Instructions to follow - Output the data verbatim, minus the images.

Collected material -

+++

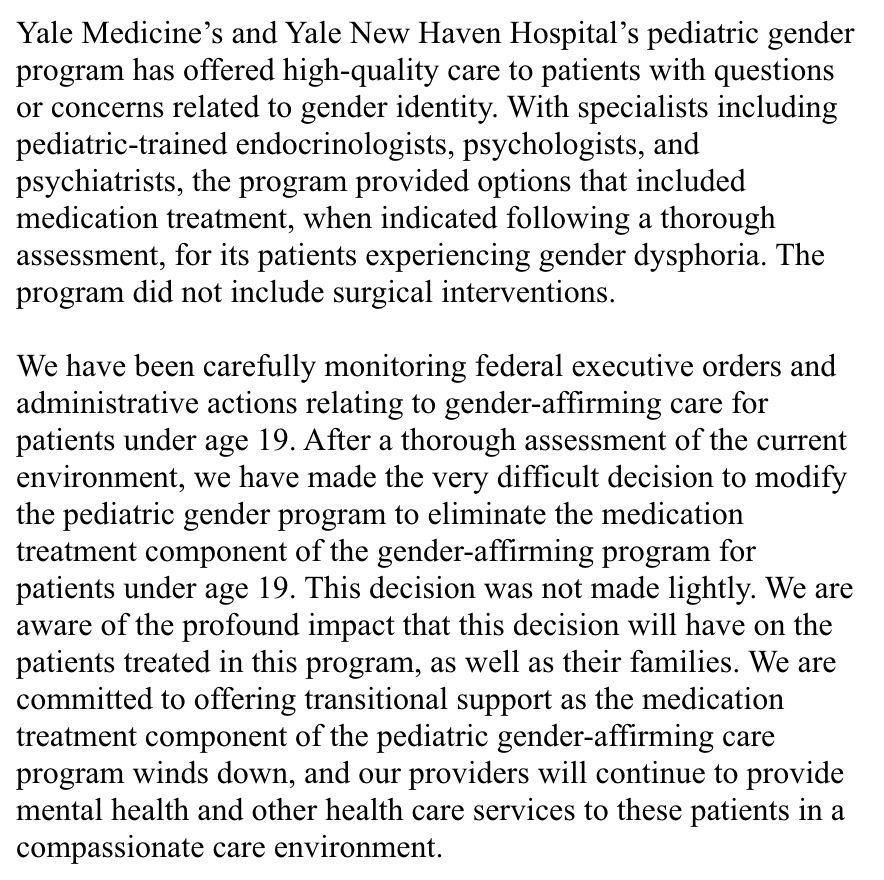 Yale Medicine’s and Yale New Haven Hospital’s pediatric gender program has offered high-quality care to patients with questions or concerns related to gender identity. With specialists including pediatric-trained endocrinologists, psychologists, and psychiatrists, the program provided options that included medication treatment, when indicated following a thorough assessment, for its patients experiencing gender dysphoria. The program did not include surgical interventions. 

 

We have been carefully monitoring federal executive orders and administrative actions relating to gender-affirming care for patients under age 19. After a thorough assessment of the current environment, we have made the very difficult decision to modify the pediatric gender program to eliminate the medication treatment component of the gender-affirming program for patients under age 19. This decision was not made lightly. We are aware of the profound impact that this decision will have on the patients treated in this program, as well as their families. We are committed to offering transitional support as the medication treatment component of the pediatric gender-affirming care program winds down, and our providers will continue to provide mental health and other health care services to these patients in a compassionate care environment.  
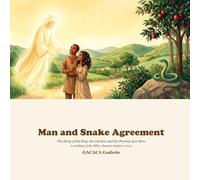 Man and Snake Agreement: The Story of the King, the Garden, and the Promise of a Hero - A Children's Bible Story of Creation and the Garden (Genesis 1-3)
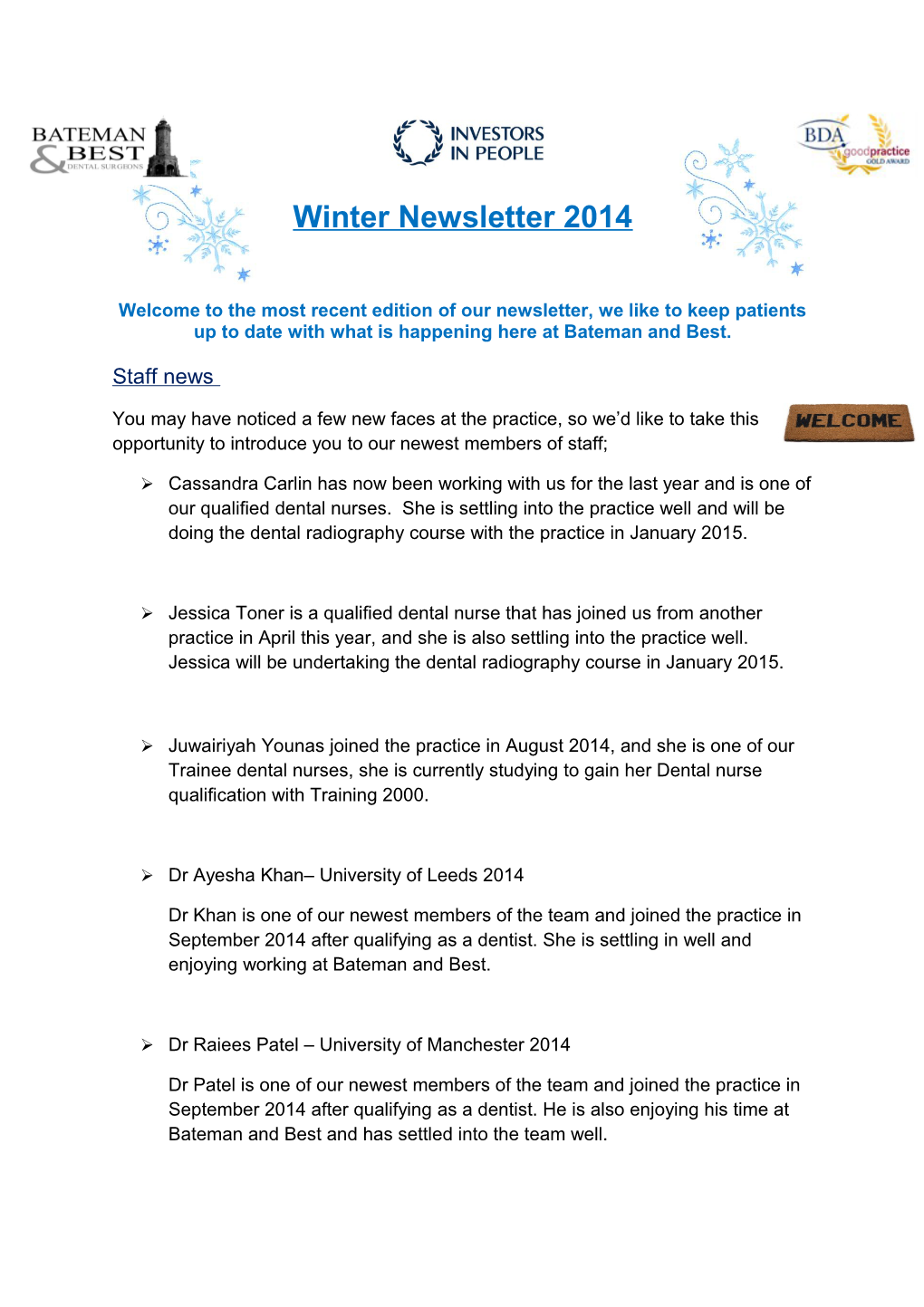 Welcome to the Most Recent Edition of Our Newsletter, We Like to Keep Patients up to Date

+++

Solution -
 Yale Medicine’s and Yale New Haven Hospital’s pediatric gender program has offered high-quality care to patients with questions or concerns related to gender identity. With specialists including pediatric-trained endocrinologists, psychologists, and psychiatrists, the program provided options that included medication treatment, when indicated following a thorough assessment, for its patients experiencing gender dysphoria. The program did not include surgical interventions. 

 

We have been carefully monitoring federal executive orders and administrative actions relating to gender-affirming care for patients under age 19. After a thorough assessment of the current environment, we have made the very difficult decision to modify the pediatric gender program to eliminate the medication treatment component of the gender-affirming program for patients under age 19. This decision was not made lightly. We are aware of the profound impact that this decision will have on the patients treated in this program, as well as their families. We are committed to offering transitional support as the medication treatment component of the pediatric gender-affirming care program winds down, and our providers will continue to provide mental health and other health care services to these patients in a compassionate care environment.  
 Man and Snake Agreement: The Story of the King, the Garden, and the Promise of a Hero - A Children's Bible Story of Creation and the Garden (Genesis 1-3)
 Welcome to the Most Recent Edition of Our Newsletter, We Like to Keep Patients up to Date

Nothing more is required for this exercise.